## TASK TO CARRY OUT
Skip the pictures. Output only the lines below starting at the line with "living area with" and ending at the line with "a bedroom with a bed and a television", both ends included, exactly as they are.

## DATASET ENTRIES
------------------------------------------------------------
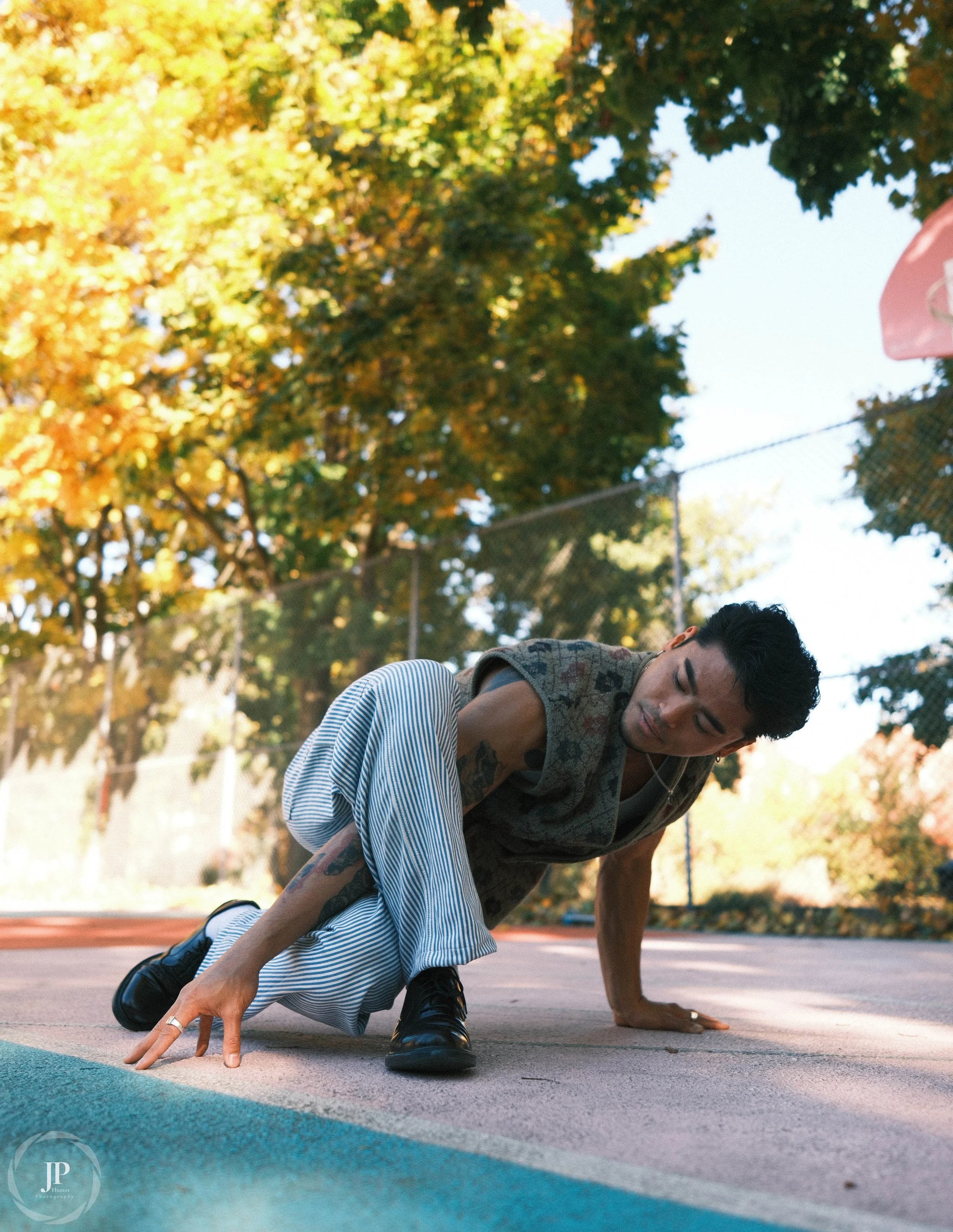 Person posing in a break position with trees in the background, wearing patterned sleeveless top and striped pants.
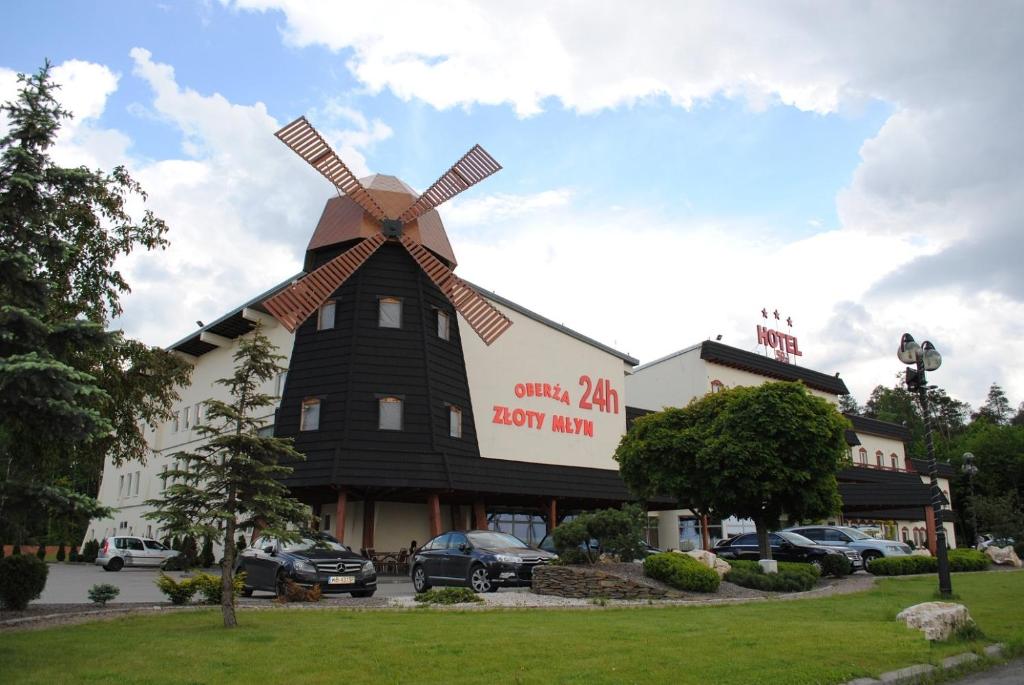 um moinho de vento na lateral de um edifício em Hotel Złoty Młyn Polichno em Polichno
------------------------------------------------------------
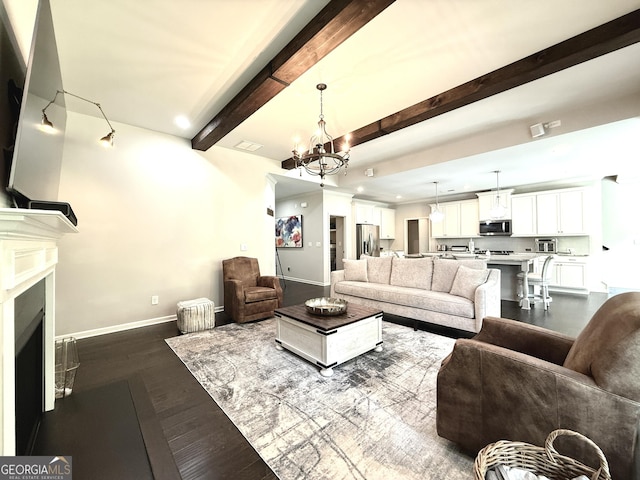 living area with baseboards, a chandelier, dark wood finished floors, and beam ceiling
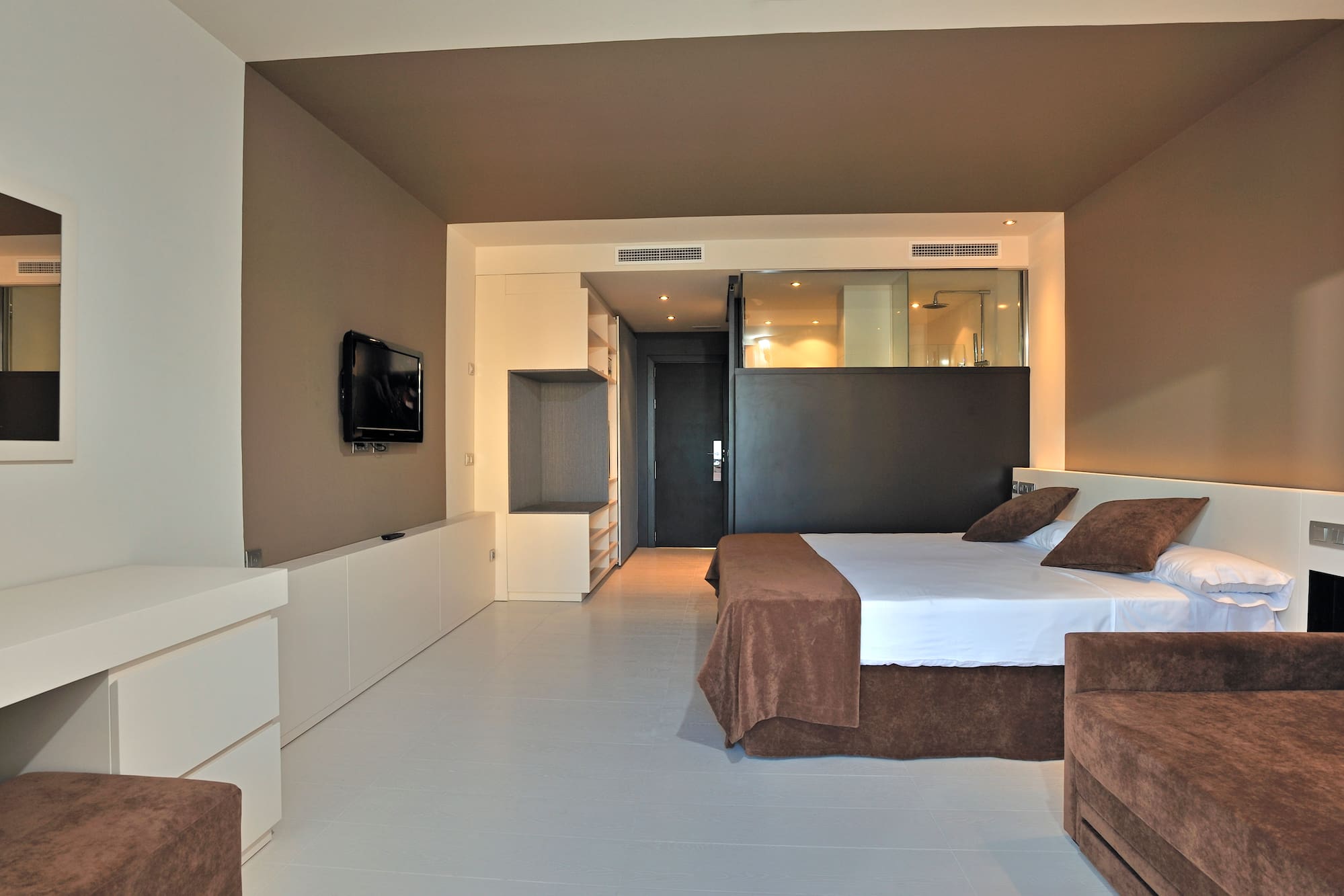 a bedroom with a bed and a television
------------------------------------------------------------
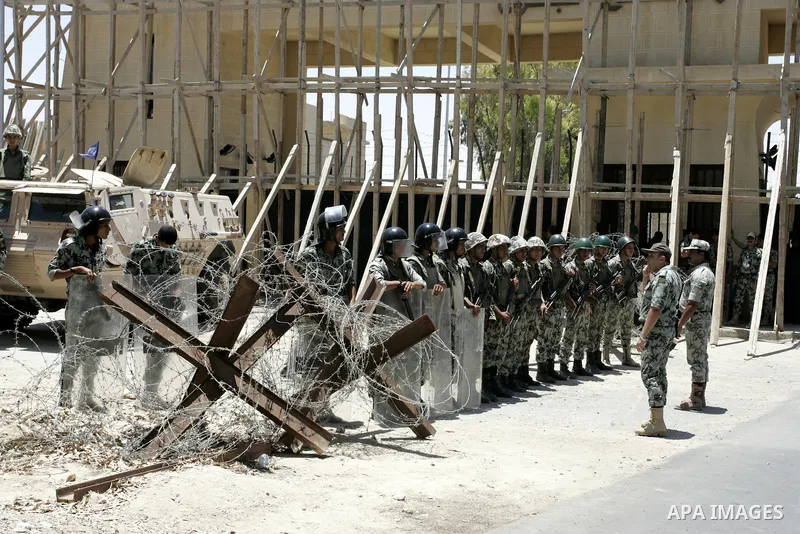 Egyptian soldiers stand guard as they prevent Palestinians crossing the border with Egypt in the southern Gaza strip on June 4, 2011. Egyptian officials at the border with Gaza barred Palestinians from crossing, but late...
------------------------------------------------------------
## RESULT
 living area with baseboards, a chandelier, dark wood finished floors, and beam ceiling
 a bedroom with a bed and a television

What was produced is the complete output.